Indian Girls Develop Mobile Applications to Tackle Local Issues

mobile applications

Dharavi is Asia’s largest slum and is located in the middle of Mumbai, India’s financial capital. The slum is home to nearly a million people. Within that population, teenage girls have been learning how to code in order to develop mobile applications that can help tackle different problems within their community.

Filmmaker Nawneet Ranjan founded the Dharavi Diary project, which teaches young girls in the slum to code. With this skill, the girls can then develop mobile applications that aim to combat everyday issues  including “sexual harassment, access to water and education.”

Using the MIT App Inventor, online video instruction, documentary films and Powerpoint presentations, Ranjan and the Dharavi Diary project team teaches girls between the ages eight and 16, the basics of coding.

Ranjan first became involved in working with the Dharavi community after he made a film titled Dharavi Diary in 2012. The film documented issues faced by the slum’s residents.

He then set up a small computer lab in 2014, with the goal of encouraging young girls to become changemakers. The result of their involvement in the program can ultimately lead them to better education and more employment opportunities.

“A lot of girls in the neighbourhood don’t get the chance to use computers and laptops,” Ranjan told Mashable. “I showed them how technology can be used to solve problems and improve their job opportunities. I told them that these were things that they could learn on their own.”

The project experienced a setback when the slum was destroyed by a fire on Jan. 4, 2016, destroying tablets and computers as well as the homes of over 50 families in the neighborhood.

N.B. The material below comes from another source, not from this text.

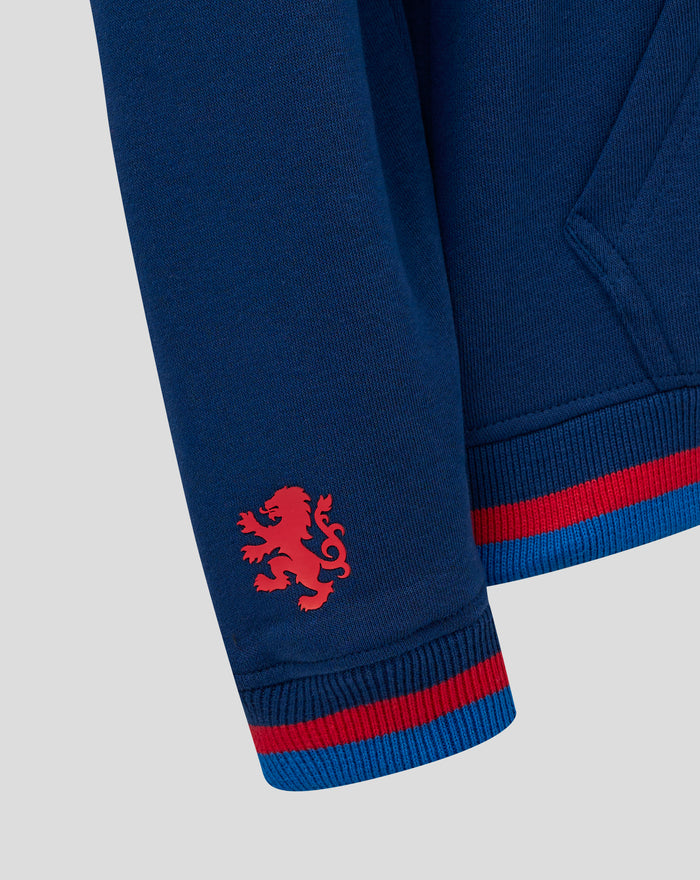 Close-up of navy knit hoodie fabric with a red lion crest near the hem and striped ribbed cuff.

However, through a new crowd-funding campaign, Ranjan hopes to raise more resources to buy more computers, laptops, and food and clothing for the children.

One app that a group of girls developed, for example, is called Paani, which alerts residents of the slum when they collect water from the community tap. This allows members of the community to avoid waiting in long lines for the water every day.

In a country where access to clean water is a luxury, the responsibility of collecting water often falls on girls, who consequently must miss school as a result of waiting hours for the essential resource.

Another Android App, Women Fight Back, focuses on women’s safety. Its features include SMS alerts, a distress alarm and emergency calls to contacts on their phones, according to Business Insider.

“When we joined the program we decided first to look at the problems that our neighborhood and community faced, and then build apps to address them,” said Ansuja Madiwal, a 15-year-old girl, in an interview with The Hindu.

“In a small way, initiatives like this help in giving people a greater sense of participation and an awareness of the problems that they face and how they can devote resources to solving them,” said Ranjan.